Pleasure: Experiment 2
Do good intentions also heighten the experience of pleasure? People sat on an electric massage pad in an easy chair which was repeatedly turned on -- either by an indifferent computer or a caring partner. Although the massages were identical, Gray found that partner massages caused significantly more pleasure than those administered by a computer. "Although computers may be more efficient than humans at many things, pleasure is still better coming from another person," the study concludes.
Taste: Experiment 3
Does benevolence improve how things taste? Subjects were given candy in a package with a note attached. For the benevolent group, the note read: "I picked this just for you. Hope it makes you happy. The non-benevolent (indifferent) version read: "Whatever. I just don't care. I just picked it randomly." The candy not only tasted better to the benevolent group, but it also tasted significantly sweeter. "Perceived benevolence not only improves the experience of pain and pleasure, but can also make things taste better," the study concludes.
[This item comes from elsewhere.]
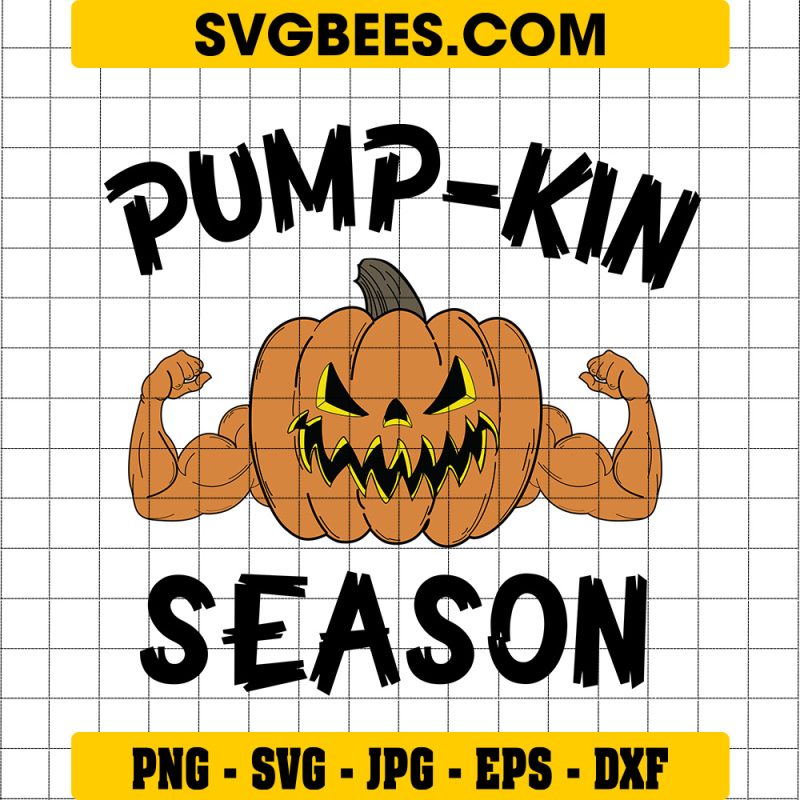 Pumpkin Season Halloween SVG, Pumpkin Face Strong Halloween SVG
The findings of these studies suggest clear applications. For example, the first experiment suggests that medical personal should make sure to brush up on their bedside manner. "How painful people find medical procedures depends in part upon the perceived intentions of the person administering it," says Gray. "Getting blood taken from stony-faced nurse hurts more than from an empathic one."
For those in relationships, which is pretty much everyone, the message is to make sure your partner, sibling, friend, etc. knows you care. Gray notes, "It's not enough just to do good things for your partner -- they have to know you want them to feel good. Just imagine saying, 'fine, here's your stupid hug,' -- hardly comforting." The same would also seem to apply to cooking, where emphasizing your concern about the experience of the diners makes things taste better.
Relatedly, these results also apply to business strategy. "It's no surprise," says Gray, "that food companies always pair their products with kindly old grandfathers and smiling mothers -- thinking of this make believe benevolence likely increases our enjoyment."
The study also suggests the general benefits of thinking that others mean well -- including God. "Painful events attributed to a benevolent God should seem to hurt less than those attributed to a vengeful God, says Gray. "To the extent that we view others as benevolent instead of malicious, the harms they inflict upon us should hurt less, and the good things they do for us should cause more pleasure," the paper concludes. "Stolen parking places cut less deep and home-cooked meals taste better when we think well of others."